When Sen.-designate Tim Scott (R-S.C.) replaces Sen. Jim DeMint (R) next year, he will become the upper chamber’s only African American and the first black senator from the South since Reconstruction.
Scott was born in 1965. He and his siblings were raised in Charleston by a single mother who worked as a nurse’s assistant, according to the Almanac of American Politics. In high school, Scott befriended the owner of a local fast-food restaurant who became a mentor.
An athlete, Scott went on to earn a partial football scholarship to Presbyterian College and later wound up Charleston Southern University, where in 1988 where he graduated with a bachelor’s degree in political science.

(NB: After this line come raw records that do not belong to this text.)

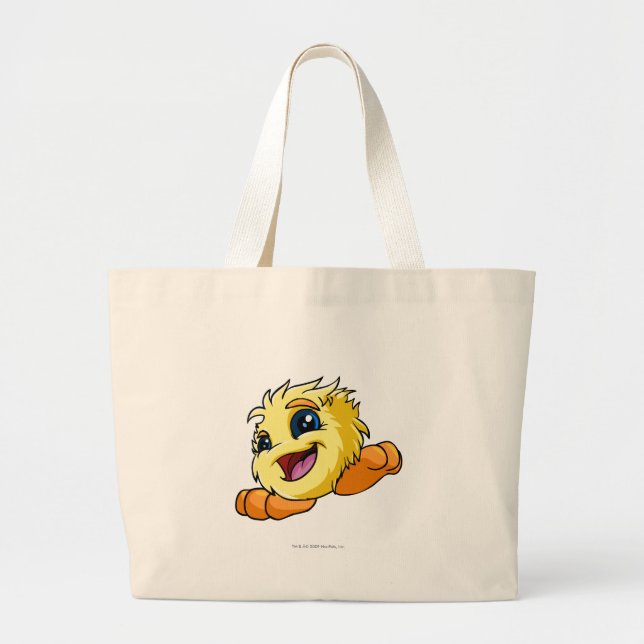 JubJub Yellow Large Tote Bag (Front)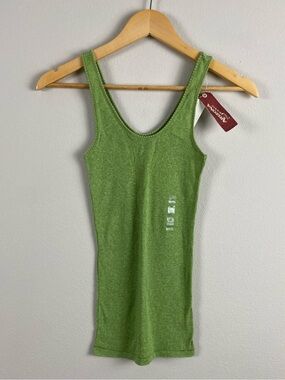 Arizona Jean Company Knotted Trim Ribbed Tank Top | Meadow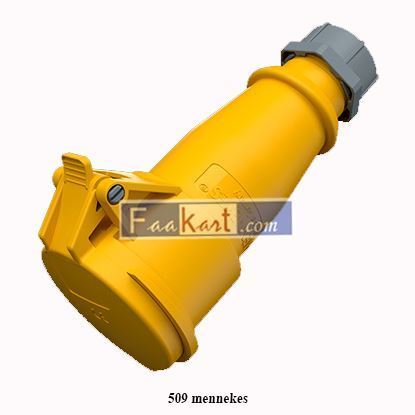 Picture of Mennekes 509 YELLOW POWER CONNECTOR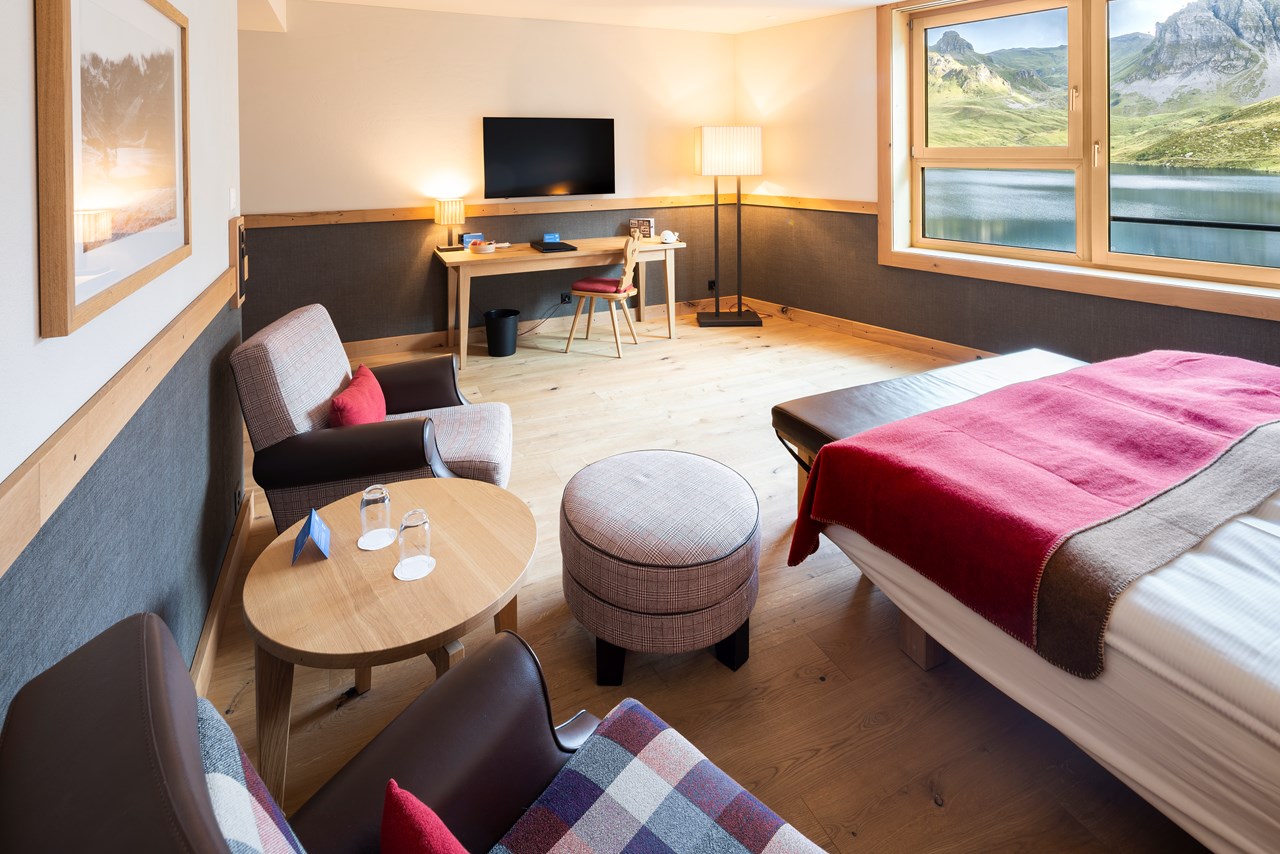 Frutt Mountain Resort Zimmerkategorien Family Junior Suite im familienfreundlichen Lago Lodge Flügel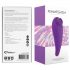 FEELZTOYS Femmegasm - uzlādējams 2in1 klitora vibrators (violets)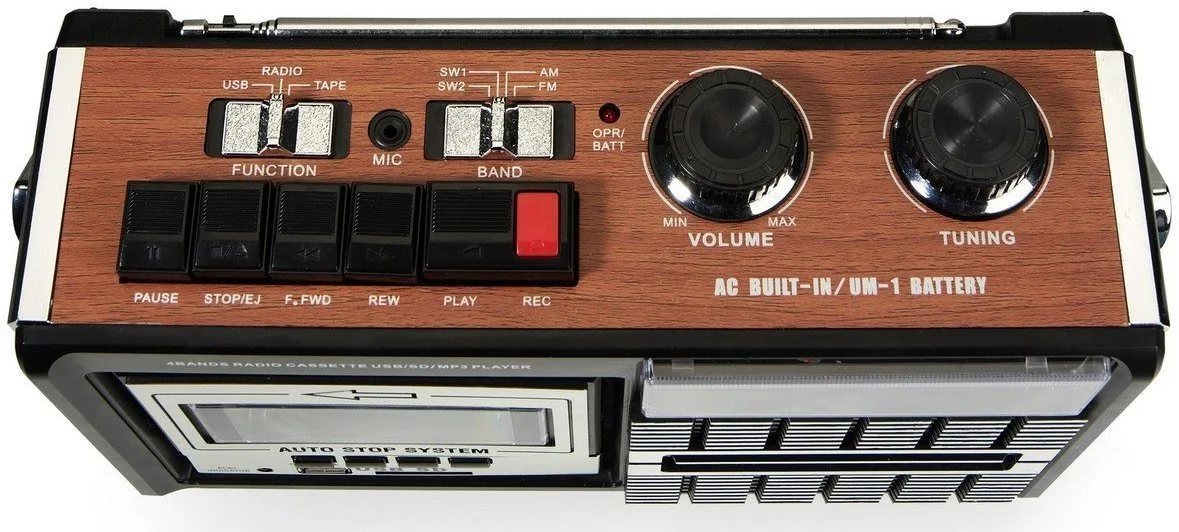 Radio portabil cu Casetofon, AM/FM/SW, design Retro, Port USB si card SD, MP3 [3]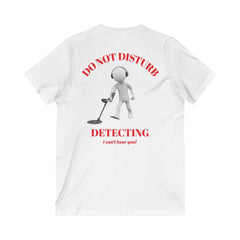 Do Not Disturb Metal Detecting Tee, Treasure Hunter Shirt, Beachcomber Gift, Outdoor Adventure Wear, Unique Fun Gift for Geocaching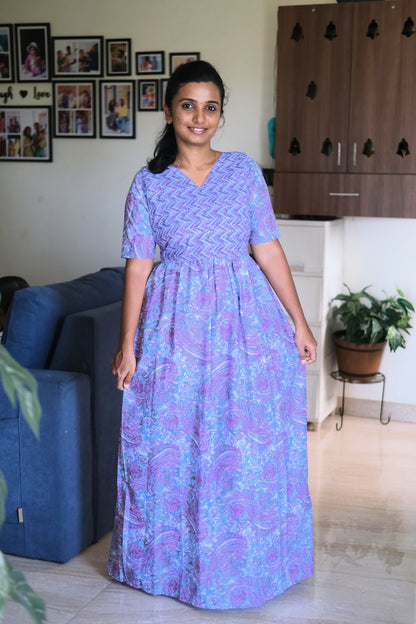 Kuyili maternity maxi dress front view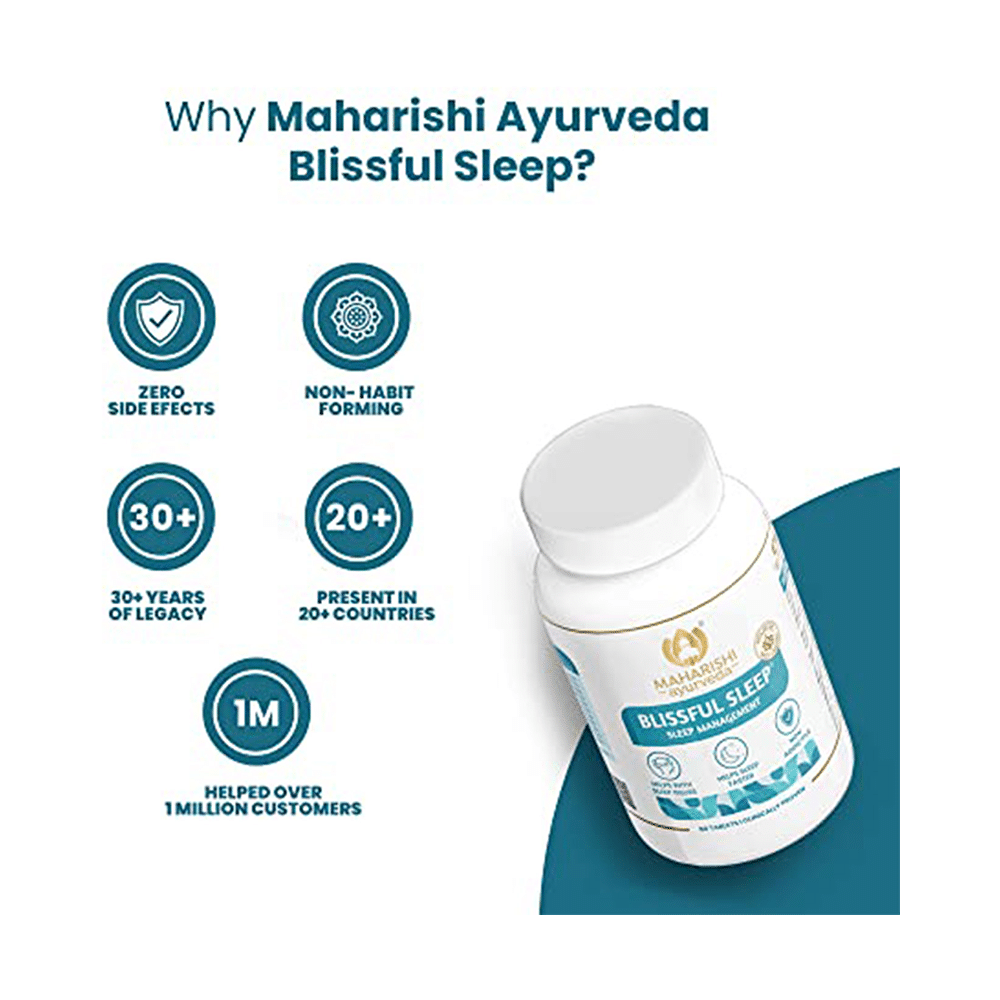Maharishi Ayurveda Blissful Sleep Tablet | Relaxes & Calms the Mind | Non-Habit Forming - Image 4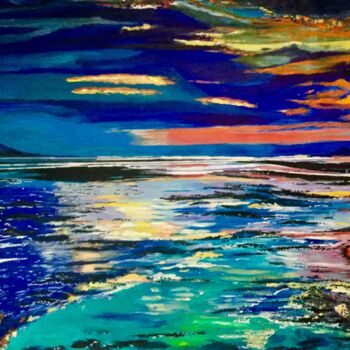 제목이 "Ciel et mer"인 미술작품 Mohammed Rachid Iraqi로, 원작, 기름
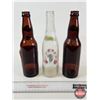 Image 5 : Beer Bottles : - Old Style (Pilsner) (2) - Calgary Beer (1) (Measures : 9"H)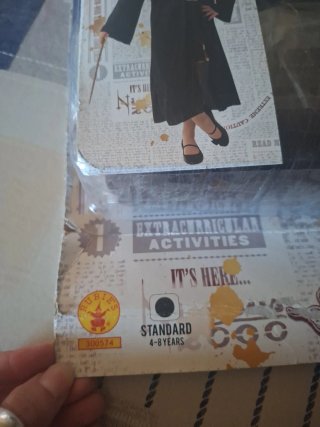 Disfraz Hermione Robe Harry Potter Talla Estándar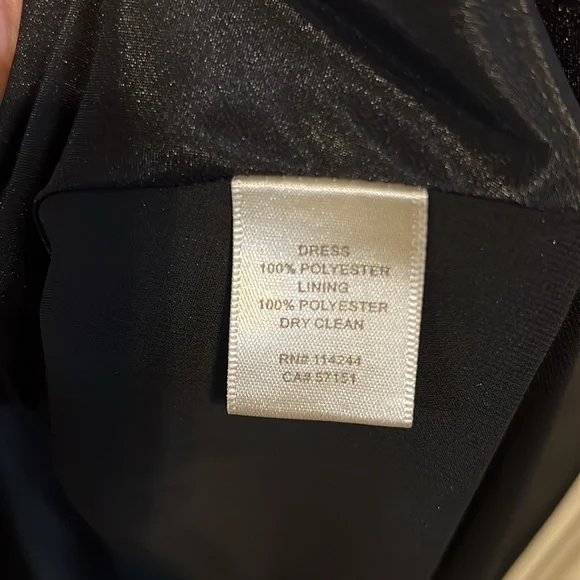 Eliza J strapless pleated front high low chiffon gown - Picture 5 of 7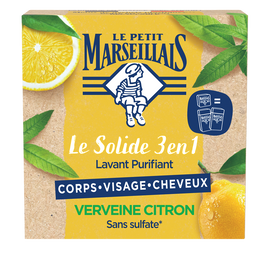 Savon solide 3en1 verveine citron LE PETIT MARSEILLAIS 80g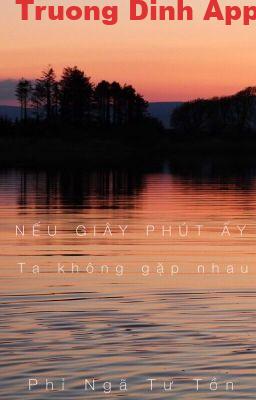 Nếu Giây Phút Ấy Ta Không Gặp Nhau – Phỉ Ngã Tư Tồn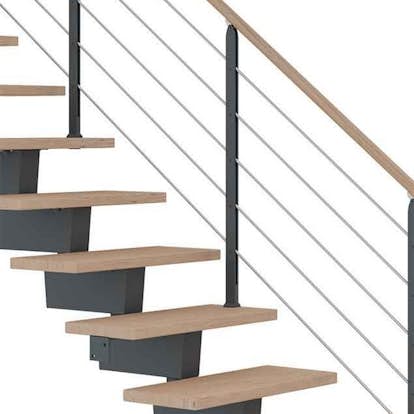 Räcke Dolle Dubai Side2 Design Ek Vit Oljad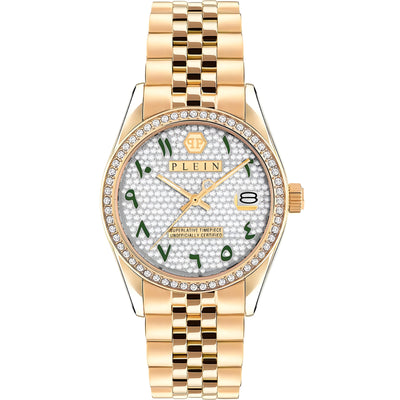 Philipp Plein Gold Stainless Steel Dress Watch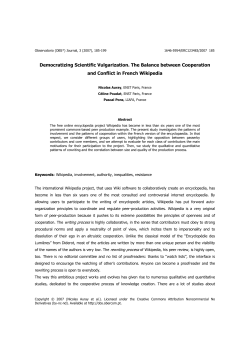 Democratizing Scientific Vulgarization. The Balance between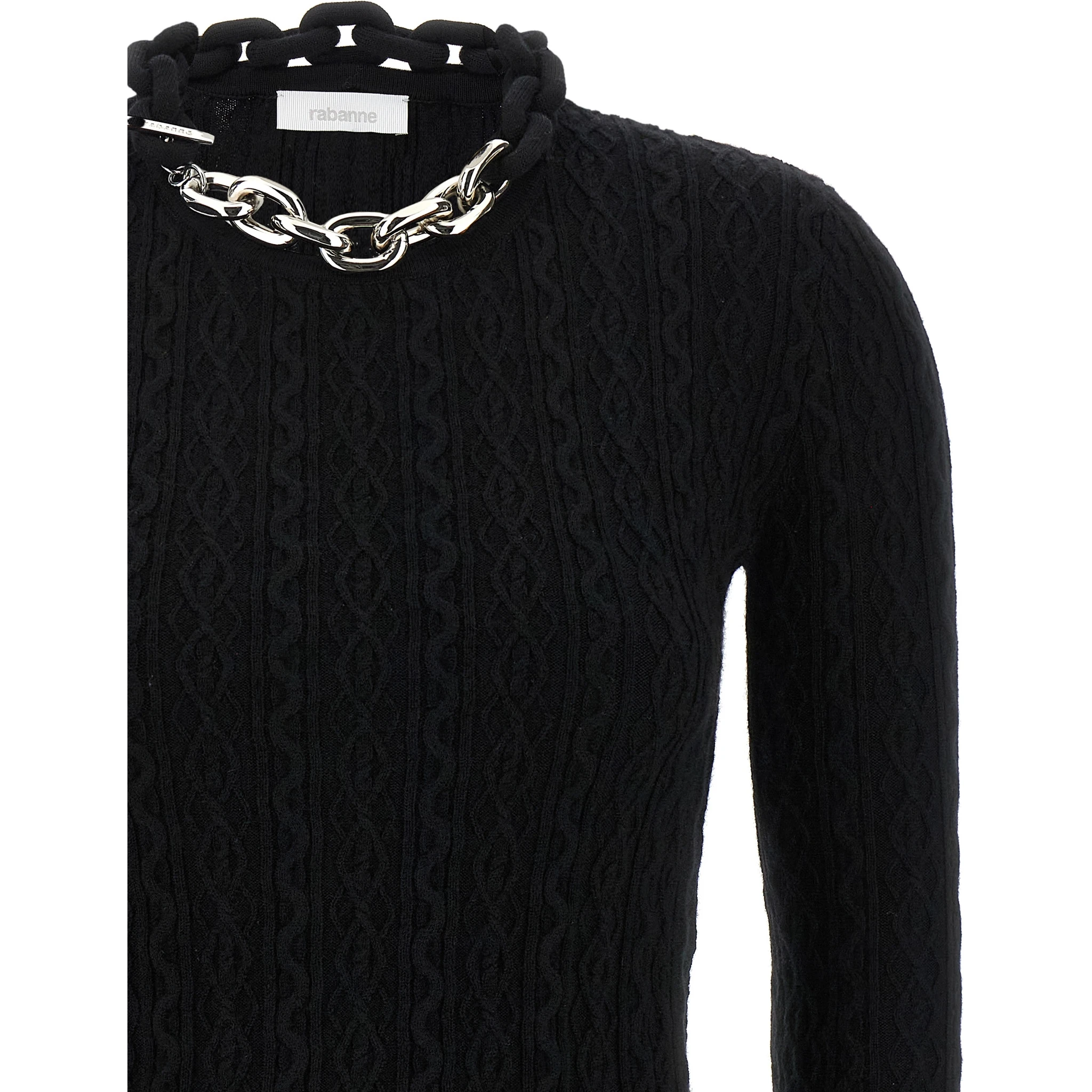 Black Wool Cardigan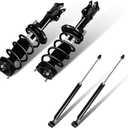 SCITOO - 2Pcs Front Complete Struts Spring Assembly + 2Pcs Rear Shock Absorbers Fits 2010-2013 for Ford Fiesta Full Set Front Rear Complete Struts with 172525 348018 5630 - Set of 4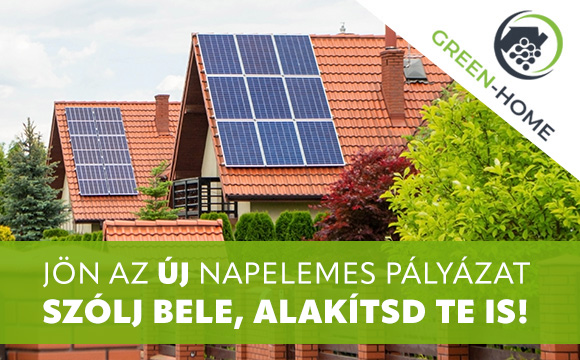Új napelemes pályázat készül - mondd el, te mit szeretnél!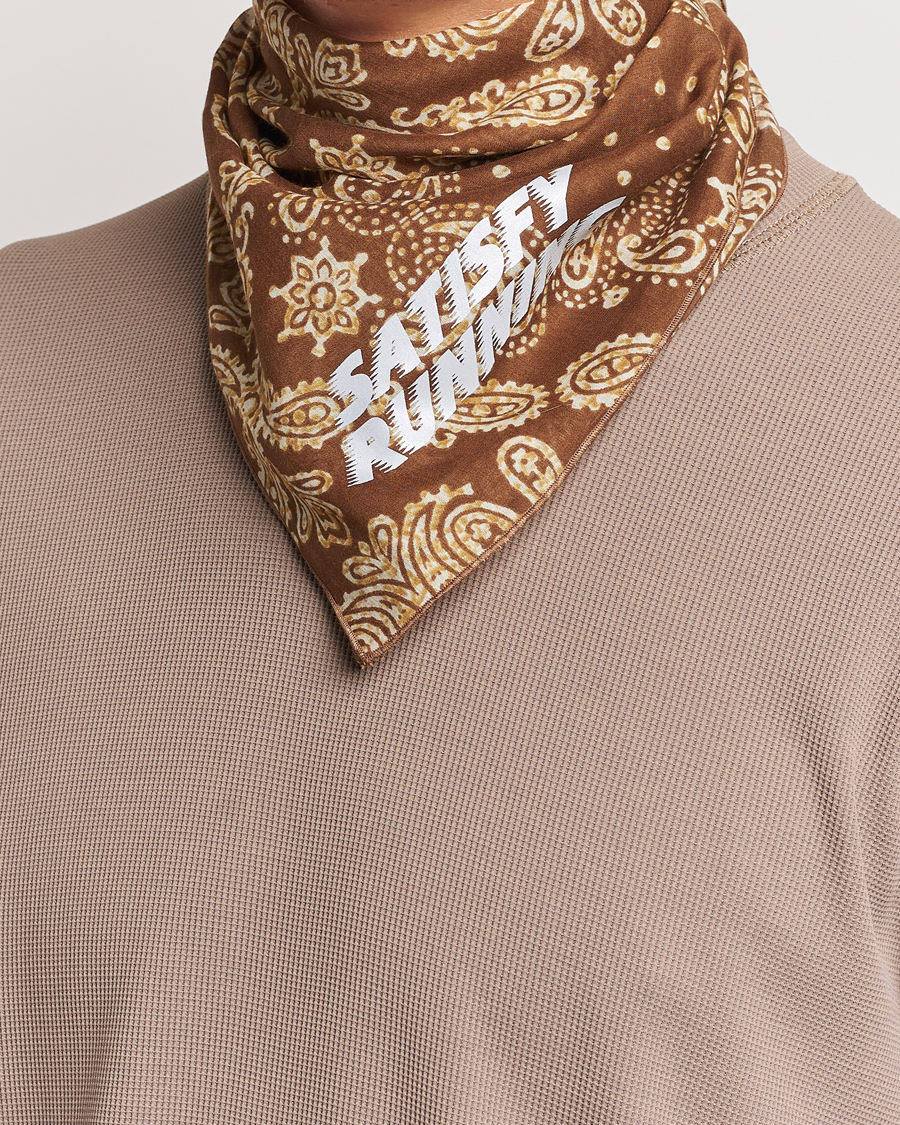 Herr | Satisfy Japanese Cotton Bandana Brown | Satisfy | Japanese Cotton Bandana Brown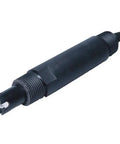 Heavy Duty pH Electrode With Three Fourth Inch NPT Thread 10 Foot Cable Round Tip BNC Connector 0 To 14 pH Range 0 To 80 C Operating Temp Ryton PPS Body Made In USA Industrial Grade Electrodes For Lab And Process Monitoring, black body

Scott went on to work in the real estate and insurance industries. He was the owner of Tim Scott Allstate and partner of Pathway Real Estate Group, his congressional biography notes. He made his first run for office in 1995.
That year, Scott made a bid for a spot on the Charleston County Council and won with ease. In a lengthy profile of Scott published earlier this year, National Journal’s Ben Terris explains how Scott’s presence on the county council helped the GOP:
From the start, Scott’s presence on the council paid dividends for Republicans. Civil-rights advocates in the city had long claimed that its at-large districts made it difficult for minorities to get proper representation, but a lawsuit asserting that Charleston’s at-large system violated the Voting Rights Act of 1965 was thrown out shortly after Scott’s election. In 2001, after a series of appeals, Charleston adopted a system of single-member districts, but during the interim, Republicans often cited Scott’s place on the council as proof that minorities could get elected there.
Scott served on the Charleston County Council for 13 years before being elected to the state House in 2008. There, he was selected to be chairman of the Freshman Caucus and House Whip.
Scott burst onto the national scene on 2010, when he defeated Paul Thurmond in a runoff election for the Republican nomination in the state’s 1st Congressional District. When he won his seat in Congress that November, Scott made history, becoming the first black congressional Republican from the Deep South since Reconstruction.
What's more, in defeating Thurmond in the primary, Scott beat the son of the well-known late senator Strom Thurmond, who ran for president in 1948 on a segregationist platform. Scott was a co-chair on Thurmond’s final Senate reelection campaign in 1996.
Shortly after being elected to the House, Scott declined to join the Congressional Black Caucus. "While I recognize the efforts of the CBC and appreciate their invitation for me to caucus with them, I will not be joining at this time,” Scott said at the time. “My campaign was never about race."
In the House, Scott has crafted a conservative record and hasn’t been afraid to go against the grain of GOP leadership. The freshman, who tied as the 80th most conservative member of the House, according to National Journal’s 2011 Vote Ratings, was one of 22 House Republicans to vote against a leadership-backed measure to raise the debt ceiling that year.
As Terris notes in his profile of Scott, the congressman is staunchly conservative, but he enjoys a warmer relationship with GOP leadership than other members at the rightward end of the conference. For example, Scott was selected by GOP leaders to serve on the Elected Leadership Committee.
Scott remains very popular with tea party activists and other conservative groups. The anti-tax Club For Growth lauded Gov. Nikki Haley’s (R) selection of Scott to replace DeMint as a “great choice.” The conservative group Americans For Prosperity called him an “excellent choice.”
Scott would face his next election in 2014, with state law requiring an appointed senator to face reelection during the next scheduled general election.